== The data ==
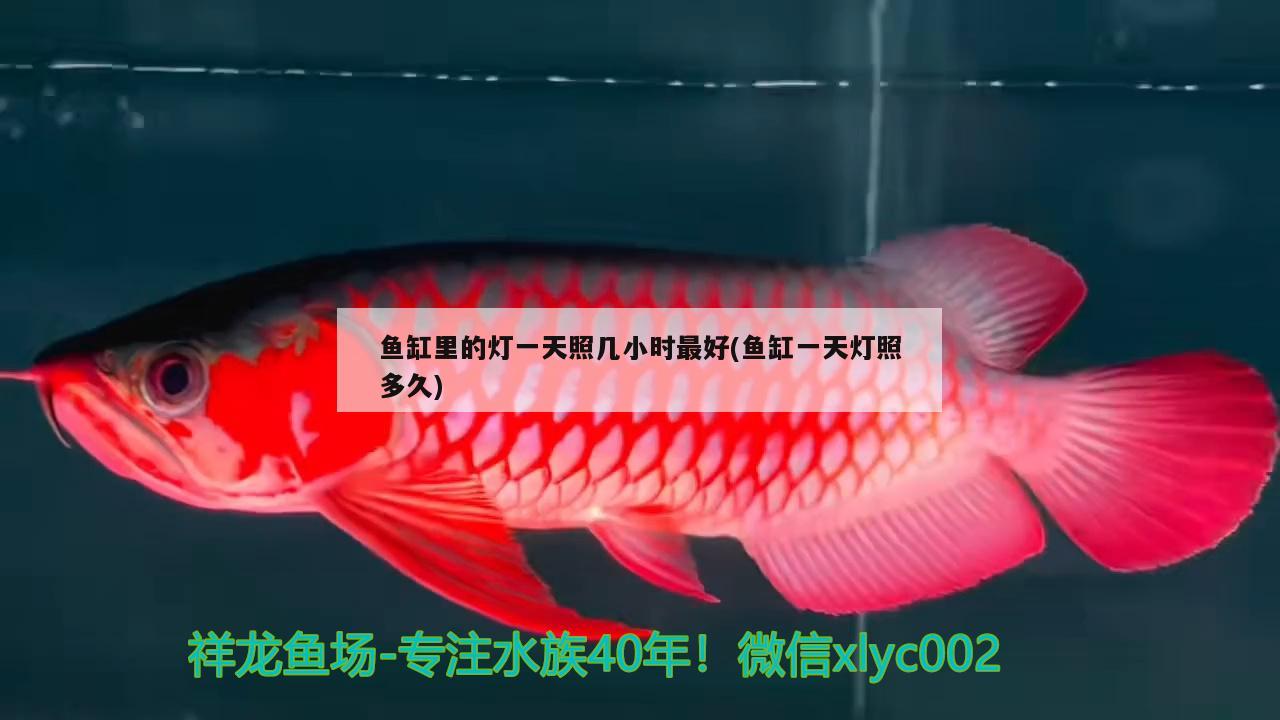 魚缸里的燈一天照幾小時最好(魚缸一天燈照多久) 蝴蝶鯉魚苗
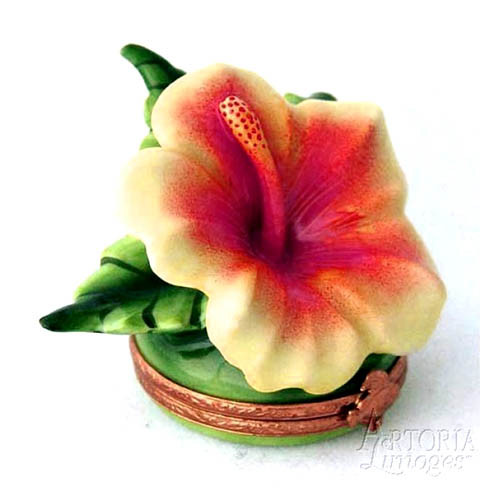 Artoria Hawaian Hibiscus Limoges Box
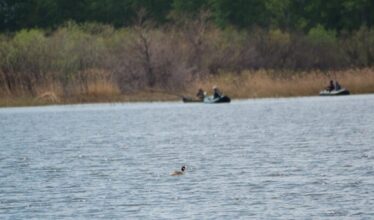 18 рыбоводных участков в Новосибирской области: ваш шанс войти в прибыльный бизнес аквакультуры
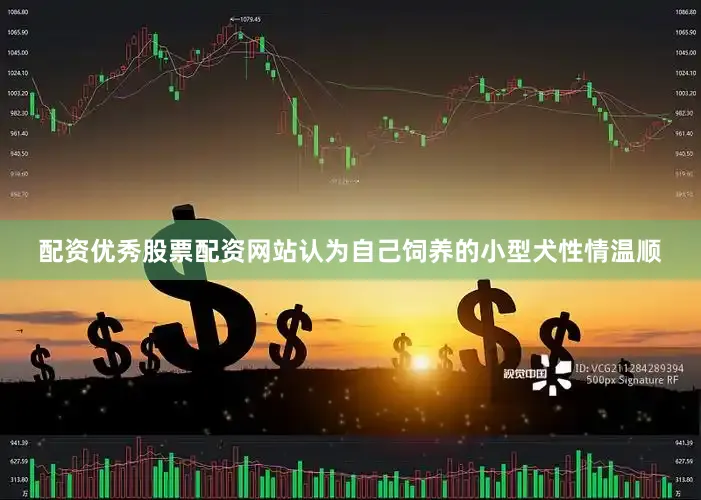 配资优秀股票配资网站认为自己饲养的小型犬性情温顺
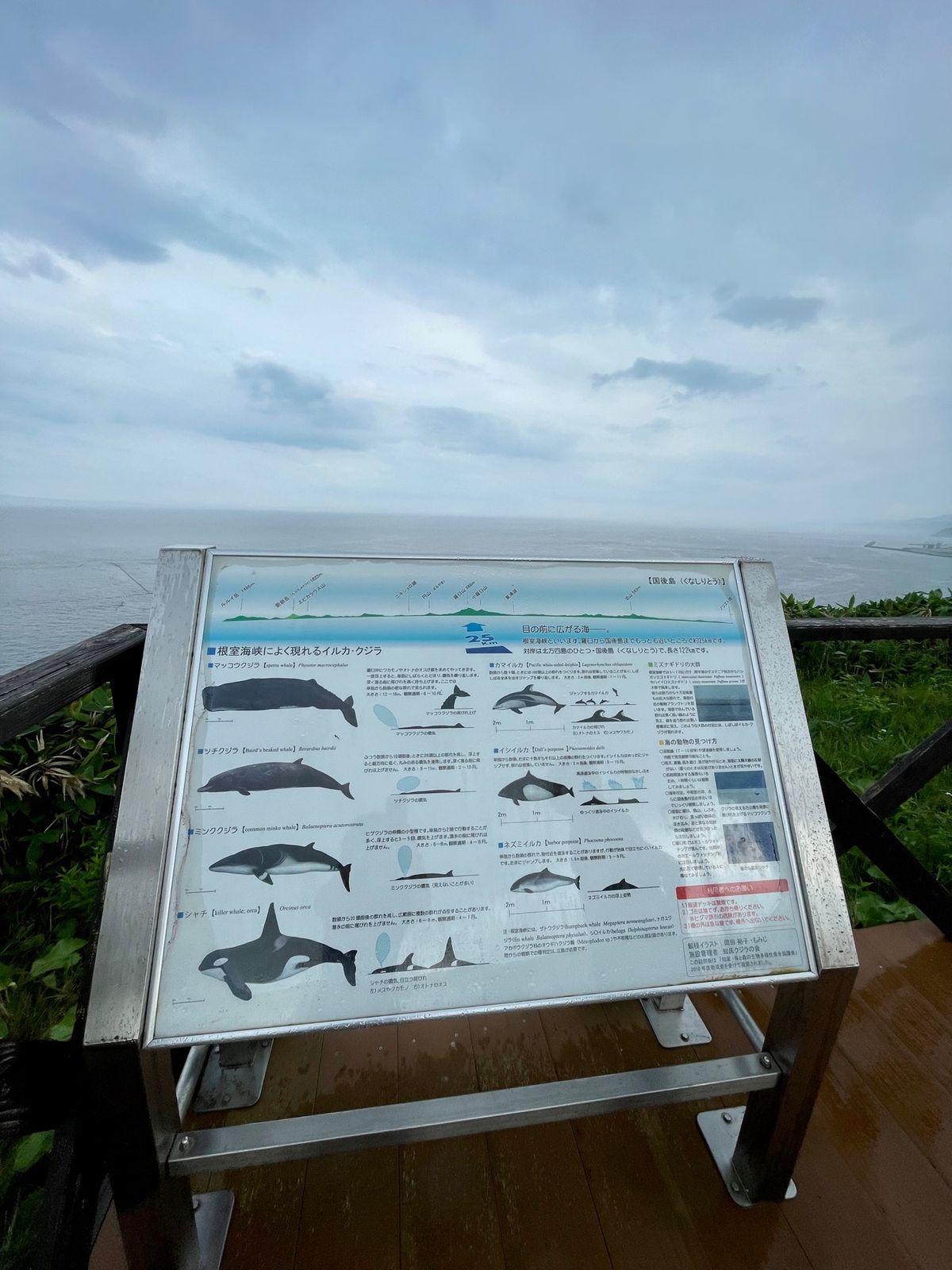 ひまわりを見たり
くじらは見れなかったり
野生の鹿を見たりして
知床第一ホ...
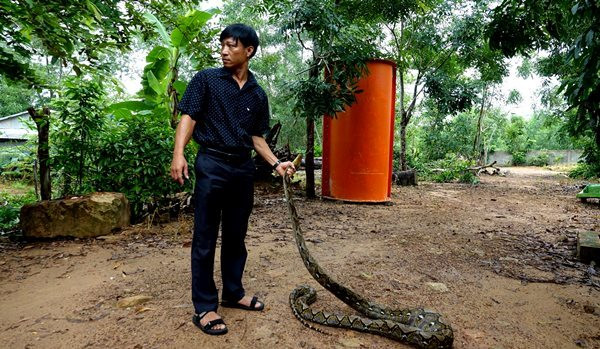 Thấy con động vật hoang dã bò vào nhà, ông nông dân đem nộp cho Hạt Kiểm lâm Phú Quốc để thả về rừng- Ảnh 2. Thấy con động vật hoang dã bò vào nhà, ông nông dân đem nộp cho Hạt Kiểm lâm Phú Quốc để thả về rừng- Ảnh 2.
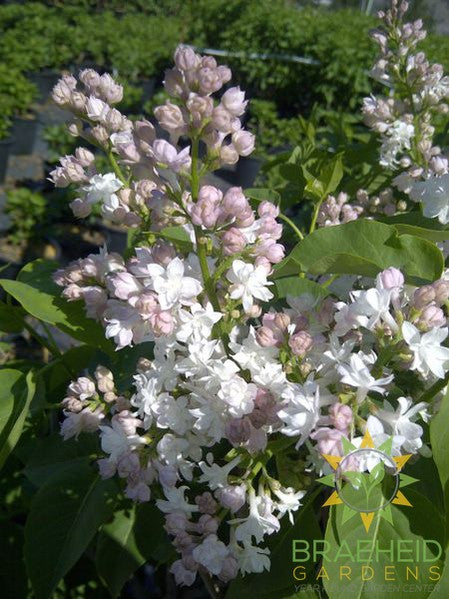 Beauty of Moscow French Lilac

== Directions ==
In the copy, include exactly the lines from the one with "くじらは見れなかったり" through the final line of the data, both ends included, and no pictures.

== Solution ==
くじらは見れなかったり
野生の鹿を見たりして
知床第一ホ...
 Thấy con động vật hoang dã bò vào nhà, ông nông dân đem nộp cho Hạt Kiểm lâm Phú Quốc để thả về rừng- Ảnh 2. Thấy con động vật hoang dã bò vào nhà, ông nông dân đem nộp cho Hạt Kiểm lâm Phú Quốc để thả về rừng- Ảnh 2.
 Beauty of Moscow French Lilac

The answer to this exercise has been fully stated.